Hakan ve Barış'ın kavgası git gide büyürken, diğerlerinin de onlardan çok farkı varmış gibi görünmüyordu. Kavga artık kurt formuna dönen insanlarla daha da büyümüştü. Barış, Hakan'ı ormana doğru fırlattı. Hakan hemen ayağa kalktı. Barış, Hakan'a doğru koşarken dönüşmek için bir hamlede bulundu ancak o daha dönüşemeden Han onu tutup, dönüşmesine engel oldu.

"Durun!" Han'ın ormanda yankılanan kümremesiyle herkes durdu.

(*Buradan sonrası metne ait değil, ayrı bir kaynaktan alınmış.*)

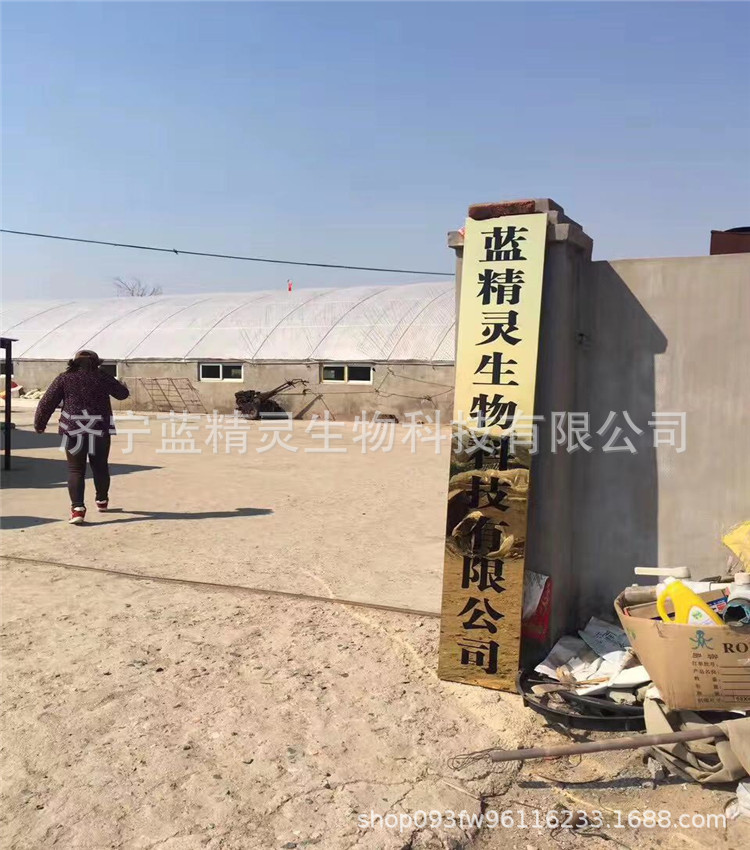 微信图片_20191018090243_副本.jpg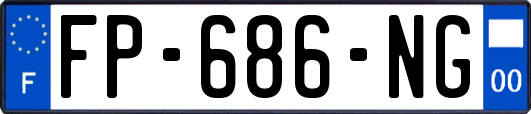 FP-686-NG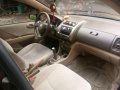 Rush Honda City idsi 2004 manual-2
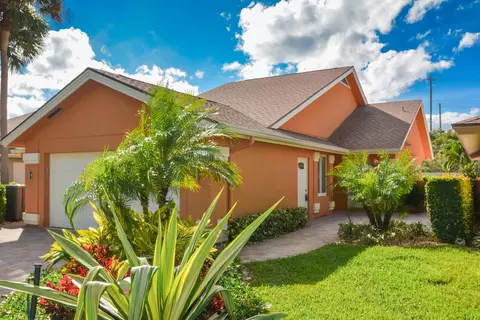 170 Seashore Dr, Jupiter, FL 33477 photo 1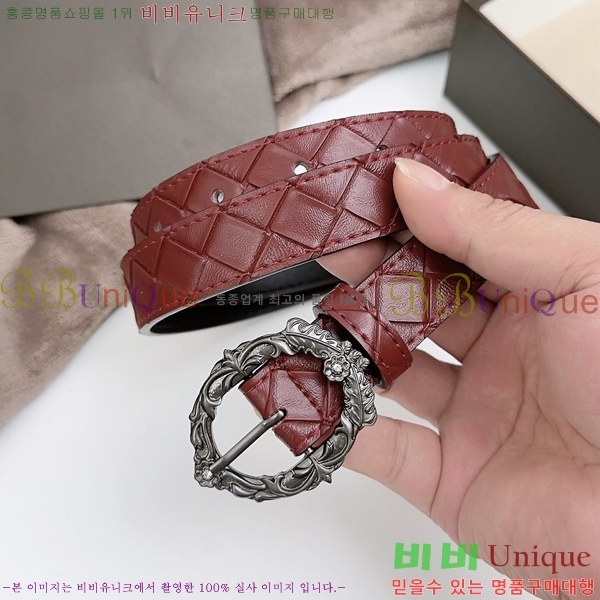 #���� ���װ�����Ÿ ��Ʈ BV32342281-5 ��2.5CM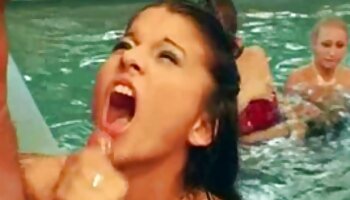 Le thérapeute porno xnxx gratuit familial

Kendi sürüsünde olmayan betalar bile onun dediğini yapıp geri çekildi. "Sizi buraya kavga edin diye mi getirdik?!" Han'ın sinirden esmer teni kızarmıştı, dişlerini sıkıyordu. İki gündür sürekli betaların kavgalarını ayırıyordu. Düzeni sağlandıktan sonra merkeze dönmeyi planlıyordu ama betalar bir türlü düzeni sağlayamıyordu.

Mete ise kavga eden betalarını umursamadan ağaçlardan birine sırtını yaslamış, bir eli cebinde sigarasını içiyordu.

Han, Mete'nin rahat tavrına daha çok sinirleniyordu. Geldiğinden beri hiçbir işin ucundan tutmuyordu. Ne betalarını düzene sokmaya çalışıyor ne de diğerlerine eğitim veriyordu. Diğer alfalar elinden geldiğince yardımcı olmaya çalışıyorlardı ama Mete sadece eğitimin zamanı dolana kadar oturuyordu.